Tesseract traineddata not working in Swift 3.0 project using version 4.0

Adrian picture Adrian · Dec 13, 2016 · Viewed 10.7k times · Source

I'm attempting to use Tesseract-OCR-iOS in a new Swift 3.0 project. I'm using Xcode Version 8.1 (8B62). CocoaPods is version 1.1.1.

When I attempt to use tesseract.recognize(), my app crashes and I get the following output in the console:

actual_tessdata_num_entries_ <= TESSDATA_NUM_ENTRIES:Error:Assert failed:in file tessdatamanager.cpp, line 53

I found this post, which sounds I'm using the wrong version of traineddata. I downloaded tessdata from the tesseract-ocr/tessdata repo, so I'm baffled as to why I'd have a mismatch on the version numbers.

Any suggestions how to get Tesseract working are greatly appreciated. Below is additional information re: my setup.

Here's what my Podfile looks like:

# Uncomment the next line to define a global platform for your project
platform :ios, '9.0'

target 'TesseractDemo' do
  # Comment the next line if you're not using Swift and don't want to use dynamic frameworks
  use_frameworks!

  # Pods for TesseractDemo
pod 'TesseractOCRiOS', '4.0.0'

end

I've dragged a tessdata folder containing eng.traineddata into the root directory of my project outside of Xcode and dragged a reference from Finder to Xcode's Project Navigator.

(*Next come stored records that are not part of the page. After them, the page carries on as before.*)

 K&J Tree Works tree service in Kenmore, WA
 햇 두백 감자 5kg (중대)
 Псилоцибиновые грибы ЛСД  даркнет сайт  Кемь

Everything works fine up to this point. No compiler errors, linker whining, etc. In a UIViewController I'm importing TesseratOCR and calling it like so:

// MARK: - OCR Methods
func scanImage(image: UIImage) {
    if let tesseract = G8Tesseract(language: "eng") {
        tesseract.delegate = self
        tesseract.image = imageToScan?.g8_blackAndWhite()
        tesseract.recognize()

        textView.text = tesseract.recognizedText
    }
}

Update I found a link to a repo of traineddata files for version 4.0. I nuked my old eng.traineddata file and replaced it with the one from the 4.0 repo. I get the same error referencing the same line.

Answer

Adrian picture Adrian · Dec 15, 2016

The current version of eng.traineddata linked above on GitHub will not work with the current version of the Tesseract-OCR-iOS.

The installation instructions posted on GitHub work perfectly if you've got the right <language>.traineddata file.

I discovered this after dragging the eng.traineddata from Lyndsey Scott's brilliant Tesseract tutorial on Ray Wenderlich.

This repo contains the eng.traineddata file I needed to get Tesseract working. I'm not sure if that applies to all languages.